Media Cloud: Sources and Collections
====================================

At this point you should be ready to query Media Cloud for data. **This notebook demonstrates how to browse and download information about the media sources and collections within Media Cloud Directory**. This explores some of the API methods under the hood of our [Directory](https://search.mediacloud.org/directory), which is used to browse sources and collections in our system.

Every open web news story is connected to a `media source`. A media source is basically a domain (with a handful of exceptions). Sources are grouped together into `collections`; one source can be part of many collections, and vice versa. Our primary collections are [geography-based](https://search.mediacloud.org/collections/news/geographic) (at the national and provider/state level).

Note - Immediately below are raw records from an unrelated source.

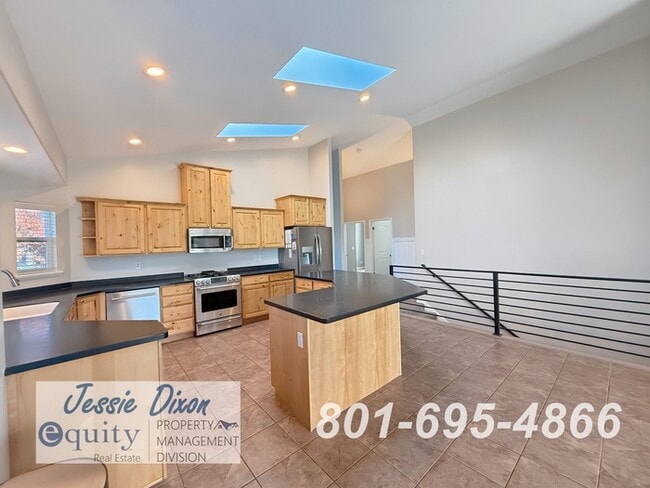 Photo - 2609 W 3500 N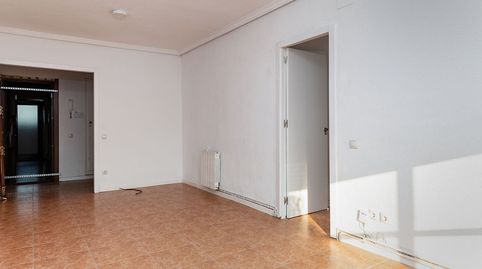 Foto 2 de Piso en venta en C/ Besolla, Abrantes, Madrid Capital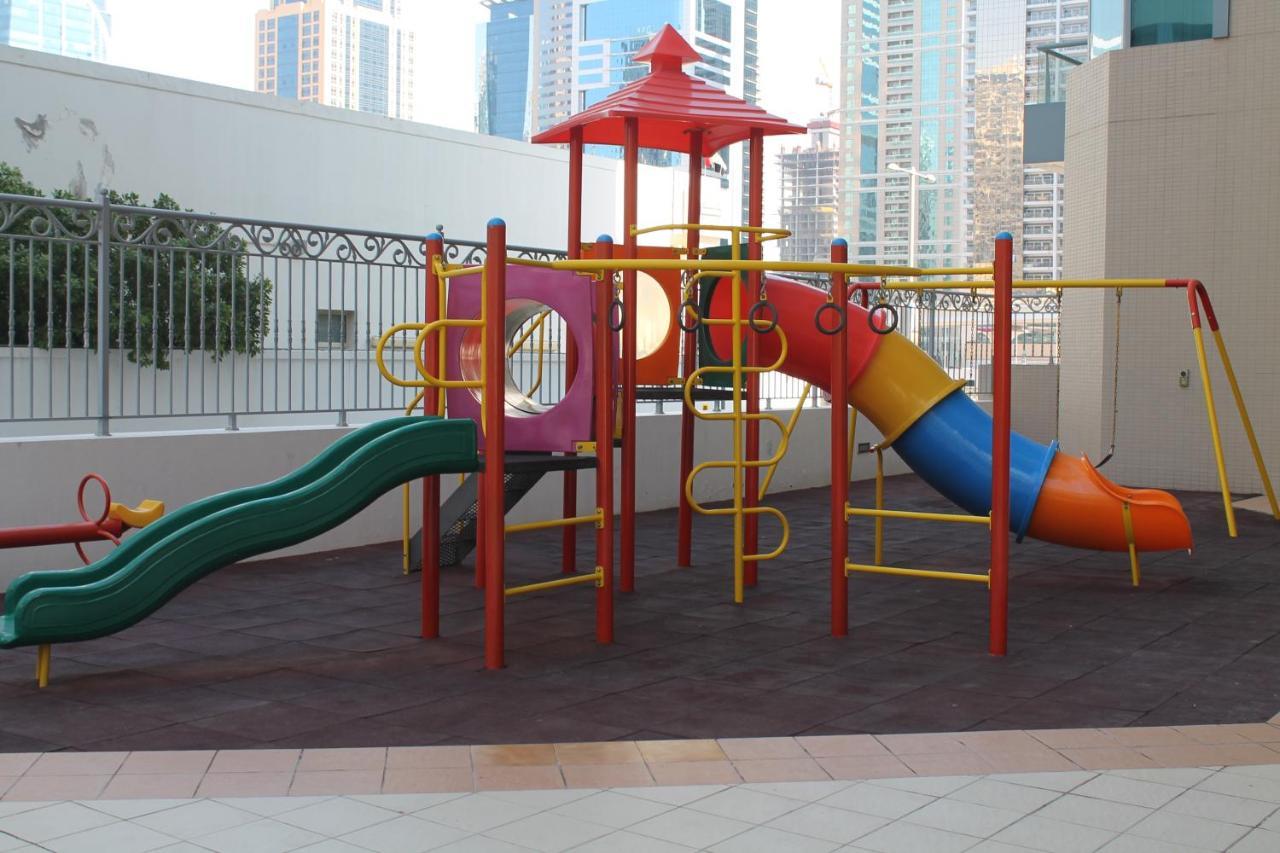 Newly Furnished One Bedroom Apartment Next To Metro & Beach In Marina Residence دبي المظهر الخارجي الصورة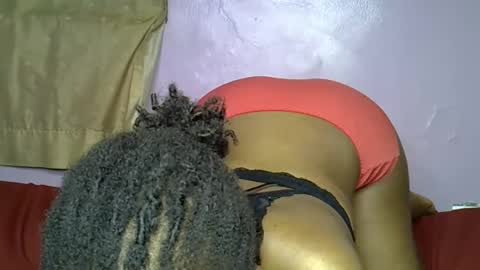 body_desire1 online show from December 16, 9:20 pm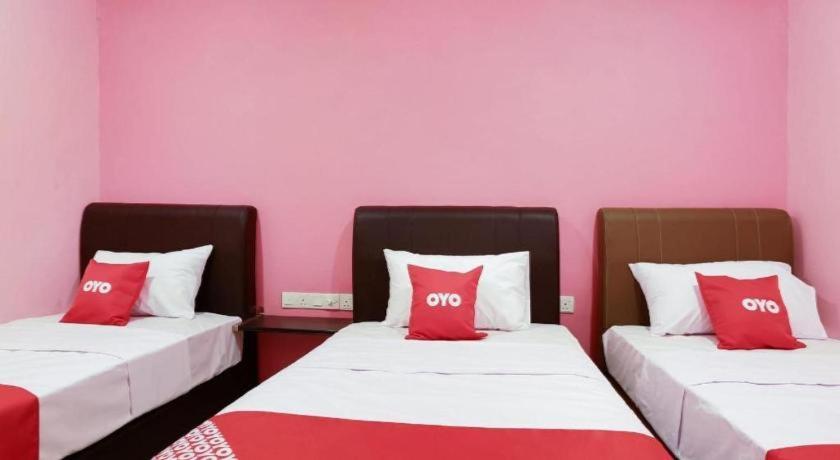 Oyo 89387 Sun Keerana Hotel Klang Exterior foto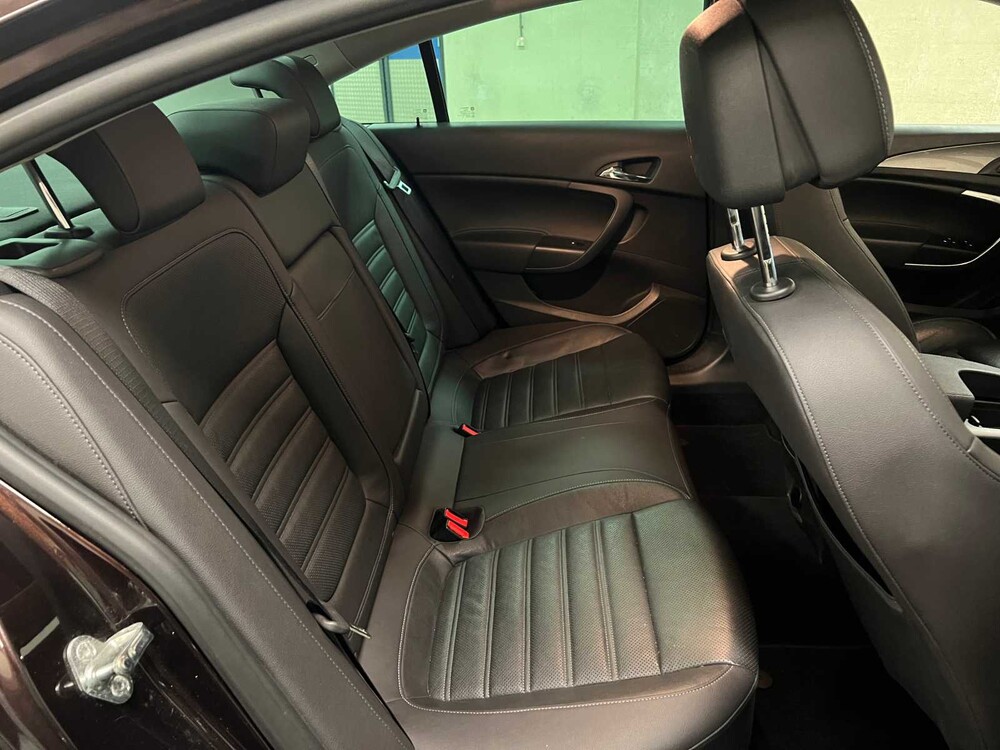 Opel Insignia 1.6 T Business+ 170hp 2015 (Original-NL), HF-144-G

We regularly scrape RSS feeds from a small set of our sources (around 60k as of late 2023). We are slowly rolling out the ability to ingest stories from news stories via their sitemap files (the hard part is determining which URLs arenews story pages and what are not). We don't advise searching against our entire database, without collections or sources, because it is skewed towards the topics of investigations we and collaborating researchers have done. If you have a collection you want created, just email us and ask.

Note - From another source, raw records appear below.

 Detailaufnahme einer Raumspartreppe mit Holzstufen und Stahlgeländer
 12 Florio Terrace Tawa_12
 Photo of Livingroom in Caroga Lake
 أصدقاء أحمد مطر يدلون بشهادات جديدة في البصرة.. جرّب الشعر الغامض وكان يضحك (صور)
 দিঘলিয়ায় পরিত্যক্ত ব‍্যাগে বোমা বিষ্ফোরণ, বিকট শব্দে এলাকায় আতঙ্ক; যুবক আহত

Our Python API exposes a few methods that are particularly helpful for looking at sources, their associated metadata, and collections: 

* `collection_list`: search for collections by name
* `source_list`: search for sources by name of parent collection
* `source`: get information about specific source, by id
* `feed_list`: list feeds within a source

## Setup

In [1]:
# Set up your API key and import needed things
import os, mediacloud.api
from importlib.metadata import version
from dotenv import load_dotenv
from IPython.display import JSON
MC_API_KEY = 'MY_API_KEY'
directory_api = mediacloud.api.DirectoryApi(MC_API_KEY)
f'Using Media Cloud python client v{version("mediacloud")}'

'Using Media Cloud python client v4.4.0'

## Searching for Media Sources

You can search for specific media, or media matching a set of criteria.

In [2]:
# try to find a media source based on its URL
matching_sources = directory_api.source_list(name='hindustantimes.com')
JSON(matching_sources['results'][0])

<IPython.core.display.JSON object>

In [3]:
# or if you have an id already, you can just load the source info
source = directory_api.source(21511)
JSON(source) # all about the Boston Globe source

<IPython.core.display.JSON object>

## Media Source Feeds
Media Sources are created manually, or automatically generated by our system when a story is ingested from a domain we have not seen before. For the limited number of sources that we ingest from daily, we have manually and automatically created RSS feeds (see our [`feed_seeker` package](https://github.com/mediacloud/feed_seeker)).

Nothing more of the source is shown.